[Saved data entries]
+ + + + + + +

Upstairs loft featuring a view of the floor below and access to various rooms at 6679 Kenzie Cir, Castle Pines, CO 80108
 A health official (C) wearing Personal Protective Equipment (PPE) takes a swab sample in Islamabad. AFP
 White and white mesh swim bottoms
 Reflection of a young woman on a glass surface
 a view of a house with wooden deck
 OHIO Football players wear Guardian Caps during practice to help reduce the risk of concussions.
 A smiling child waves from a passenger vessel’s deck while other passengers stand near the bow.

+ + + + + + +

Exercise aim | Give an exact copy of every line from the one holding "OHIO Football players" through the end of the records, both included, and no other lines.

Completed exercise |
 OHIO Football players wear Guardian Caps during practice to help reduce the risk of concussions.
 A smiling child waves from a passenger vessel’s deck while other passengers stand near the bow.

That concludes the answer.